Which is why, when she witnesses a theft from a jeweller’s, she is captivated by her first sight of Ruby Mills. Ruby grew up south of the river, destined for a life of crime from childhood, and tutored in its ways by Solly, the jeweller who took her in, and the women of the Forty Thieves. At this stage, she mainly picks pockets and shoplifts luxury items, handing them over to the boss, Annie Richmond (based on the real-life Alice Diamond), who divides up the proceeds. But, with her film-star looks, charisma, sense of style and love of sparkly things, Ruby has ambitions for something greater – perhaps a future in which she leads the Forty Thieves, or perhaps something altogether classier.
Two different women from very different backgrounds, but both want more from their lives. From the moment their eyes meet on the pavement outside the jewellery shop as Ruby is making her getaway, their fates are locked together. Harriet envies Ruby’s boldness, her glamour, the way she walks through the world taking what she wants. Ruby feels a surge of excitement at being noticed, envied. When Harriet writes a piece about the Forty Thieves for the Gazette in a bid to advance her career, she unwisely makes Ruby the focus of her article, setting in motion a train of events that has far-reaching consequences for them both.
Along with an enviable gift for readability, Clarke has a knack for quickly getting us invested in her characters.

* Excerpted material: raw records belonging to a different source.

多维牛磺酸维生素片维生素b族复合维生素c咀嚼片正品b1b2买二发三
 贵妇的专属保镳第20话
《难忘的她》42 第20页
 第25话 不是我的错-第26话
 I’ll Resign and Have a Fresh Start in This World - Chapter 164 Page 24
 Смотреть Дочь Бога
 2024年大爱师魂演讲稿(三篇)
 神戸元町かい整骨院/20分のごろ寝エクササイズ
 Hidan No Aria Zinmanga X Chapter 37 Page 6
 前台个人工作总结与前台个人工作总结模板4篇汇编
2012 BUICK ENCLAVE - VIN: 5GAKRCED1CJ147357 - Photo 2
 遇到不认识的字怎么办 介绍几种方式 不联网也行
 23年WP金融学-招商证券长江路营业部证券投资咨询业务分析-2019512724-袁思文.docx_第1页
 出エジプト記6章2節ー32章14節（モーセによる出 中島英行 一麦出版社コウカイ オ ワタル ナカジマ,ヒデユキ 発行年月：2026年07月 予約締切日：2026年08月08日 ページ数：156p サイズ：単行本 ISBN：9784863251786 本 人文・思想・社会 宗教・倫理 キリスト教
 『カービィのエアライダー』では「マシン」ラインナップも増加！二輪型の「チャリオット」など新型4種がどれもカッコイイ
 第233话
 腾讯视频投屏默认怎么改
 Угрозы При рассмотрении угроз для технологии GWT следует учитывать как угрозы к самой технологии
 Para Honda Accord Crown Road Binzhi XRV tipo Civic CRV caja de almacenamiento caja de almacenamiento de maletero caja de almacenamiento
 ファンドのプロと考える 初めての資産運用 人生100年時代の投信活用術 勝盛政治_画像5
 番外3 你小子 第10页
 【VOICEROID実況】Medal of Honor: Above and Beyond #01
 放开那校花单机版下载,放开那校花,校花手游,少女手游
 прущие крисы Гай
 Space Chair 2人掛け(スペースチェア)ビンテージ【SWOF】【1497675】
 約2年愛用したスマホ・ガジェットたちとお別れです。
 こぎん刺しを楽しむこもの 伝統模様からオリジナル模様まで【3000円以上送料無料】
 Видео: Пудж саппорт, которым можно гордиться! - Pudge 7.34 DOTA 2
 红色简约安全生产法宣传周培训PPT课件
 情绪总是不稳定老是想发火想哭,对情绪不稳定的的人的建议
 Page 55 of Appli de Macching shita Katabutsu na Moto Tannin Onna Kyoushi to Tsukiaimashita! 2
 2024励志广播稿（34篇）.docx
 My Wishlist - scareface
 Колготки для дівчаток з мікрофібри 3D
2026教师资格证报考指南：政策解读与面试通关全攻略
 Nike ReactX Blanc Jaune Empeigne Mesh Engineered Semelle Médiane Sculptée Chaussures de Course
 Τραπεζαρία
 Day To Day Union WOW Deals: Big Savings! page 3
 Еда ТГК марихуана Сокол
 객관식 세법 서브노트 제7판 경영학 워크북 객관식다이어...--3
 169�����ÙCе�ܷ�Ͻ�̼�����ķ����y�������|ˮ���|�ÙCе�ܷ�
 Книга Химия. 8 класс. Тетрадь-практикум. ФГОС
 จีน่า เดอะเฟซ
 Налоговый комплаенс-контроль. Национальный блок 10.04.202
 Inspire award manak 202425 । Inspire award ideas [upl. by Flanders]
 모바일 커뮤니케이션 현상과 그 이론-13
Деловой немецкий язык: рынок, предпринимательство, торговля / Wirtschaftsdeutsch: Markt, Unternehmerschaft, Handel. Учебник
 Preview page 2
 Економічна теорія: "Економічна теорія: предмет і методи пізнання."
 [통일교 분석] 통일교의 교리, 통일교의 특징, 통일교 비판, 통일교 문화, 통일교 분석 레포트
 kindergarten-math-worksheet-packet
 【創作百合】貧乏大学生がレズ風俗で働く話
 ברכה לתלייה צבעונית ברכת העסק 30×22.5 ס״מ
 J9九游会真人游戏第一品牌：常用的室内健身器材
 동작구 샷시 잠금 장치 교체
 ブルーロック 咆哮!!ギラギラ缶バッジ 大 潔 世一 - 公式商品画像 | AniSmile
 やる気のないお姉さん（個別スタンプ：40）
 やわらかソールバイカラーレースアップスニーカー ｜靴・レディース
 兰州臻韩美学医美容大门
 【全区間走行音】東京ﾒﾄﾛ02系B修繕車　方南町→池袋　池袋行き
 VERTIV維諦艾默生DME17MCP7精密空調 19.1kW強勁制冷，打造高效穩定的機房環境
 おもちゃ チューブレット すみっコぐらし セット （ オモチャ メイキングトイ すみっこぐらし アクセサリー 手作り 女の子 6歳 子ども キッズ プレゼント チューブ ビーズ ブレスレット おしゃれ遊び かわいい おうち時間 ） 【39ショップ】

Harriet can be dangerously naïve and self-centred, Ruby mercenary and ruthless. But each in her own way is boxed-in by a society that tells women to know their place and stay in it, and it’s hard not to be swept along by the thrill of their various transgressions and little victories, or to resist a shudder each time they have to pay the price for them.
There are hints of an erotic attraction between the sheltered ingénue and the streetwise hustler, but Clarke doesn’t push too hard in that direction, preferring to explore the spaces where respectable society and the murky underworld meet and mingle. Driven along by its narrative energy, two rounded central characters and our hope that they will somehow prevail against the forces stacked against them, it’s definitely a page-turner.